_DATA RECORDS_
+++

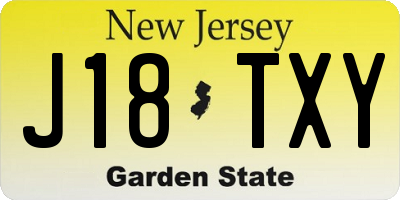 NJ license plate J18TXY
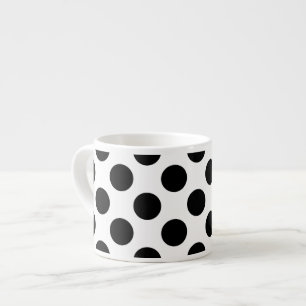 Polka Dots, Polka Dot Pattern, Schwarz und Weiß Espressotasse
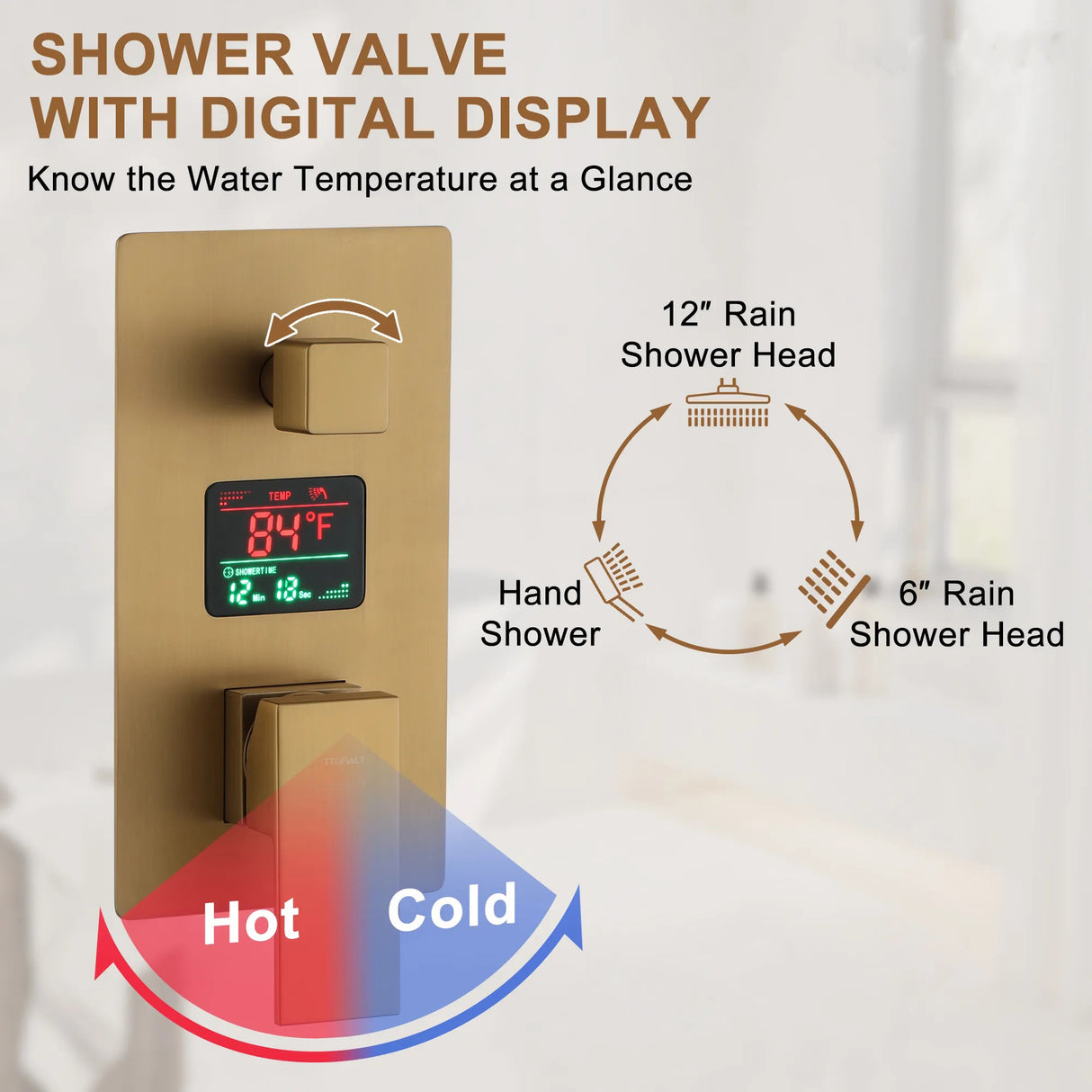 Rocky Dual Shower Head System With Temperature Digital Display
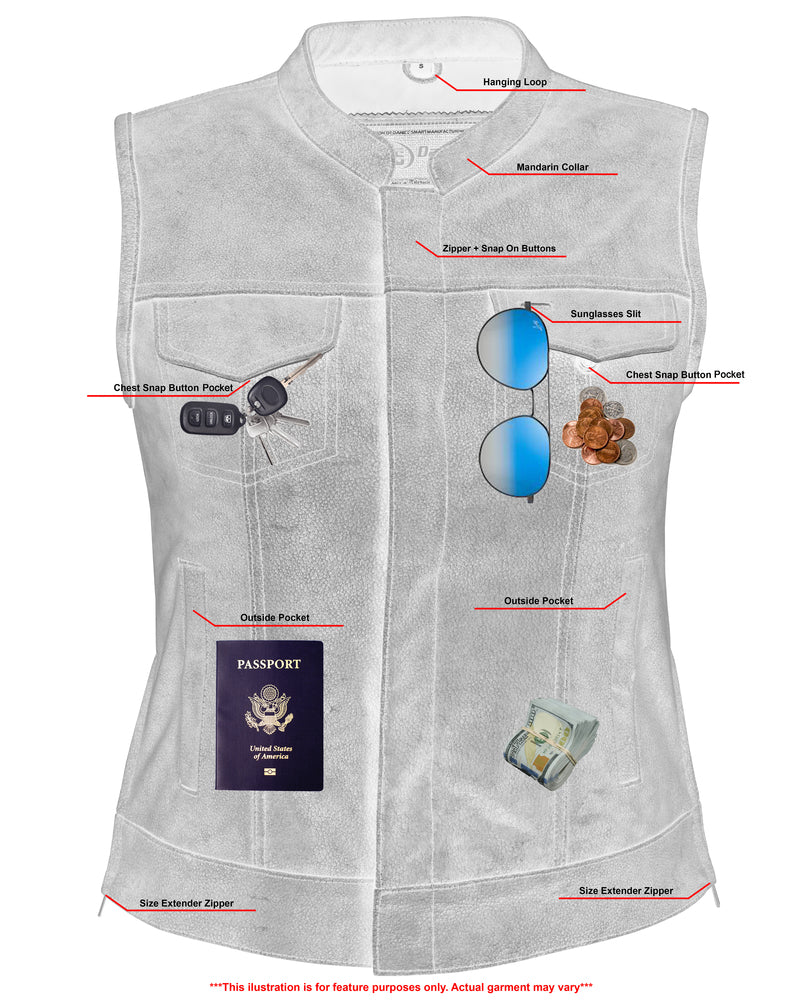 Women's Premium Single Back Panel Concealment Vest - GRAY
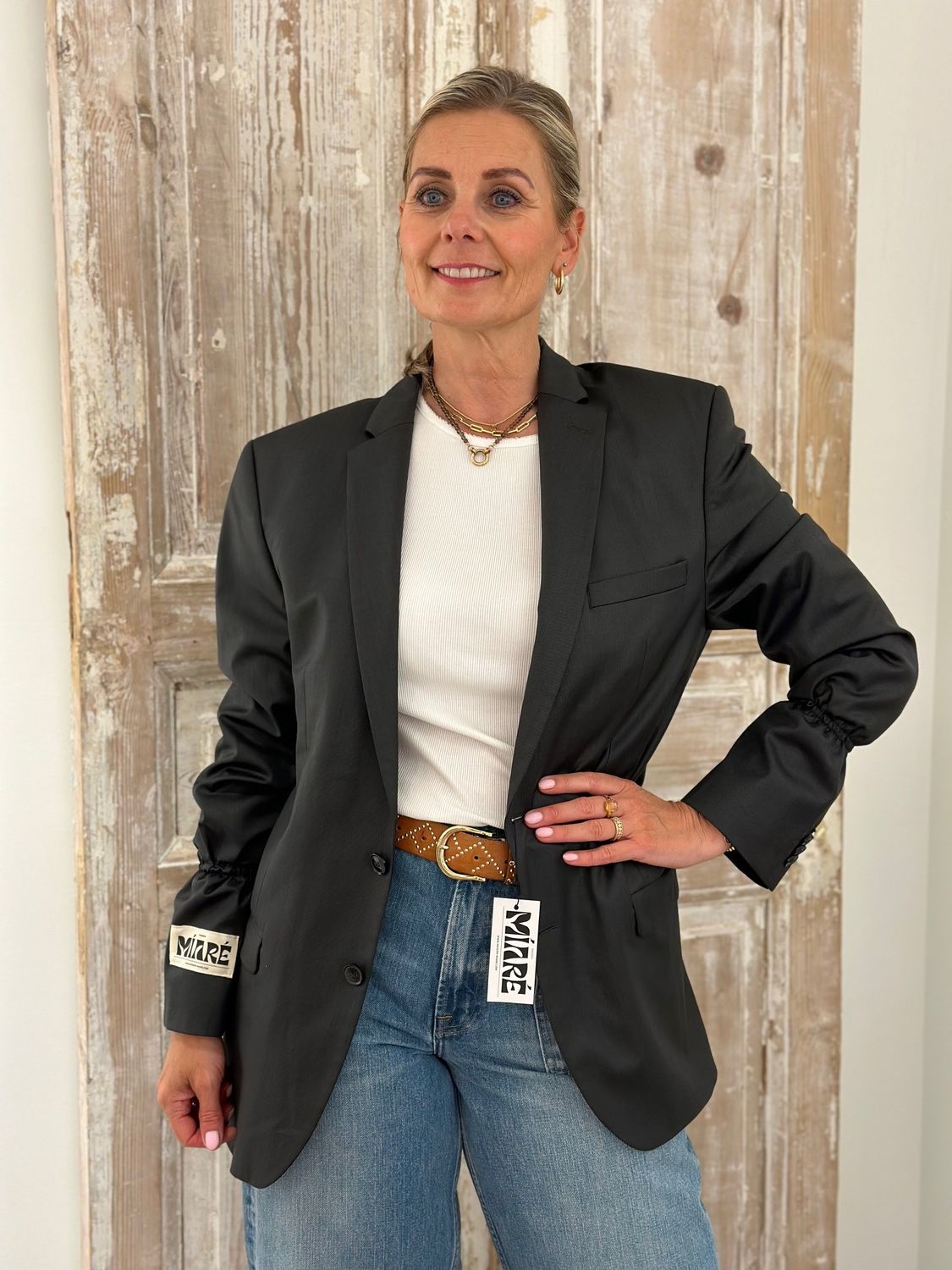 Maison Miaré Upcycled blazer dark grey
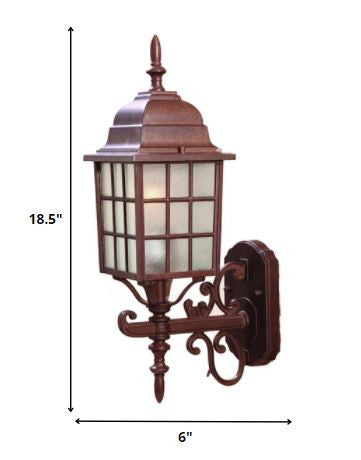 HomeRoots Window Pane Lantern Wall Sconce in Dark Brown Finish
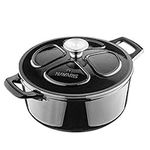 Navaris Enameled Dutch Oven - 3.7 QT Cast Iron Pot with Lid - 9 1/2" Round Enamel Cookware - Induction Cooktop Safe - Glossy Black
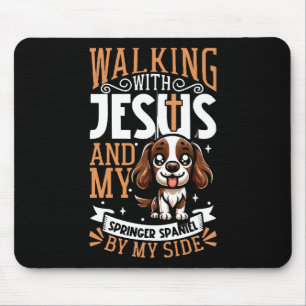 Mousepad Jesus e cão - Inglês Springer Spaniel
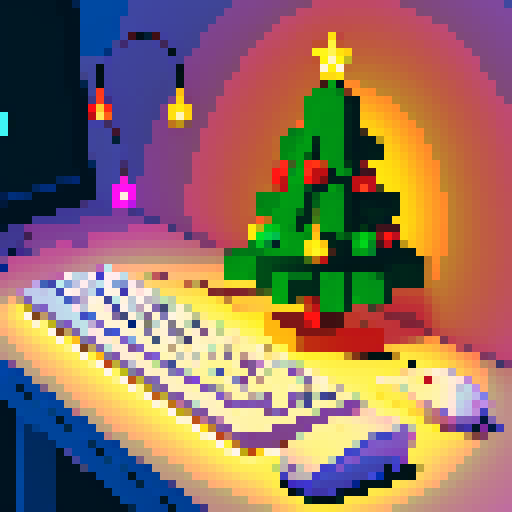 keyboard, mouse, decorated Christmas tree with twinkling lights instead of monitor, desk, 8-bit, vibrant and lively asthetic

+++

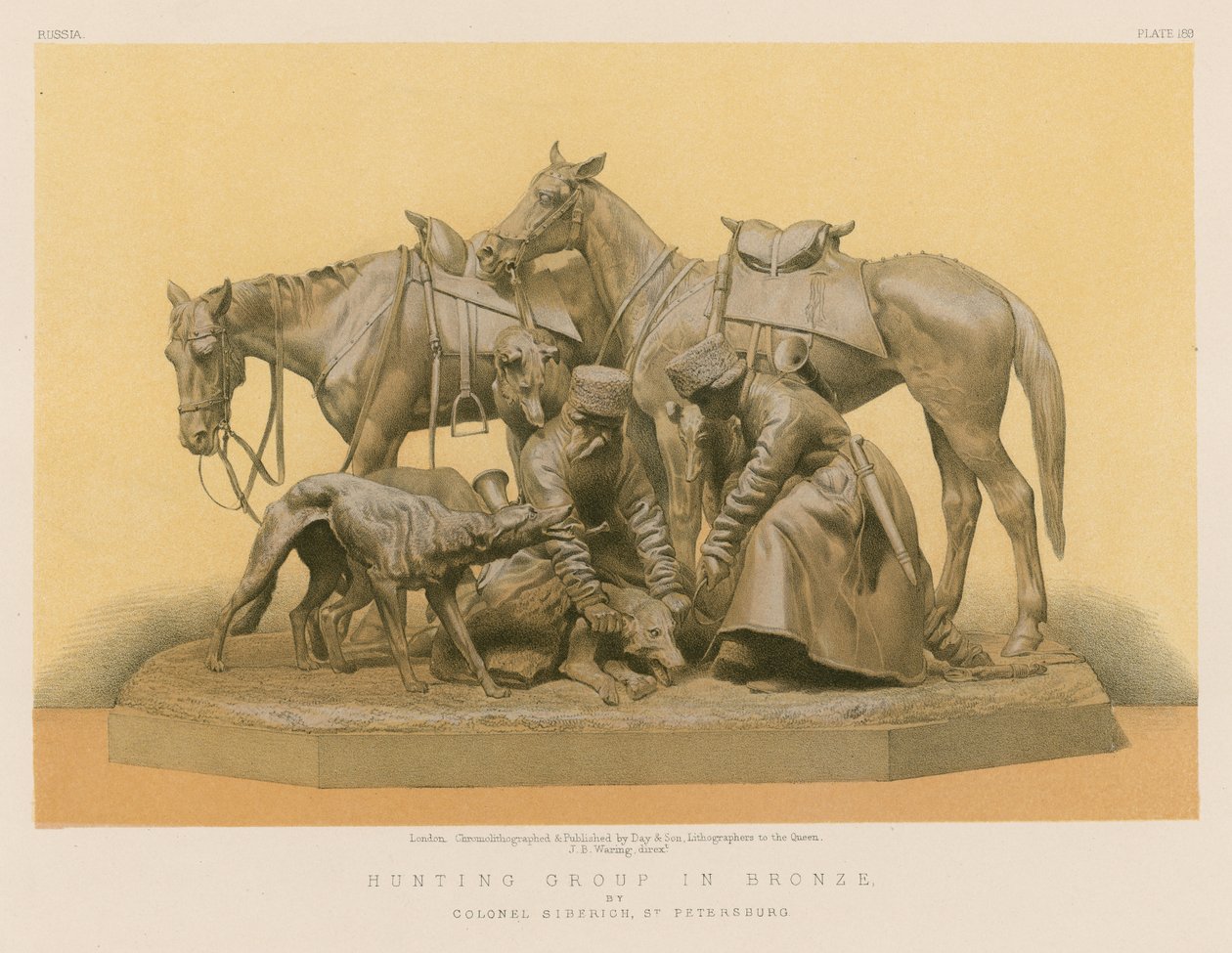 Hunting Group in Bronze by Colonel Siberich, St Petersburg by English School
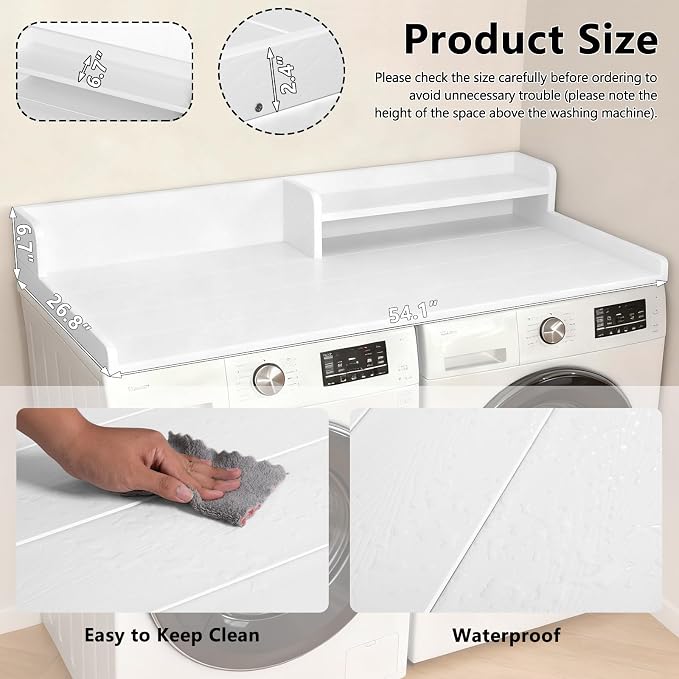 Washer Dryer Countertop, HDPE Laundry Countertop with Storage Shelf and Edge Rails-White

+++

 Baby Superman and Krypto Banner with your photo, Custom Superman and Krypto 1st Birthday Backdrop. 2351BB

+++

_PROBLEM_
Look above for the line containing "Mousepad Jesus e", then write out every line from there down to the line containing "keyboard, mouse, decorated", that line included, with no pictures.

_ANSWER BOX_
 Mousepad Jesus e cão - Inglês Springer Spaniel
 keyboard, mouse, decorated Christmas tree with twinkling lights instead of monitor, desk, 8-bit, vibrant and lively asthetic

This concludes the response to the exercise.